SQL Basics

As part of the coursework for the Back-End Engineer program at Turing School of Software & Design, I compiled the following reference guide to the basics of SQL and PostreSQL. The information is largely derived from the JumpstartLab SQL Tutorial and these PostgreSQL Exercises, which I highly recommend reading and completing for yourself. But if you’d like a more condensed summary, read on!

  1. What is a database?

    Databases are a means of storing, fetching, calculating, and sorting data.

  2. What is SQL?

    SQL (Structured Query Language) is a programming language with which one can create, modify, and arrange tables in a database, update or remove data on those tables, and retrieve data from the database using complex conditions and run calculations on that data.

  3. What is SQLite3?

    SQLite3 is one of many database systems based on SQL, a relatively simple one. It is pre-installed in Mac OSX and stores its data in plaintext files, whereas other systems would store their data in a separate space in the filesystem and only allow access through its tools.

  4. What is a Table?

    A table is a database object which has columns, each of which takes a specified data type and typically has one column that is its primary key, which rows of data can be stored on.

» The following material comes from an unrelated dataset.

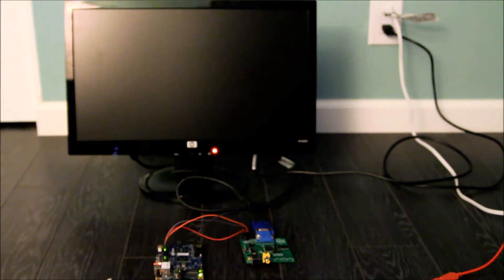Hello Hackaday followers. This is PK again from that minimal video card project you all love and enjoy, VGA Tonic.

  5. What is a primary key?

    A primary key is a unique identifier for each row on a table, frequently set to autoincrement so that each new row is automatically assigned the next unused value and no values are reused.

  6. What is a foreign key?

    A foreign key is column on a table which allows rows to refer to the primary key on another table, in order to allow for relationships between tables and their rows.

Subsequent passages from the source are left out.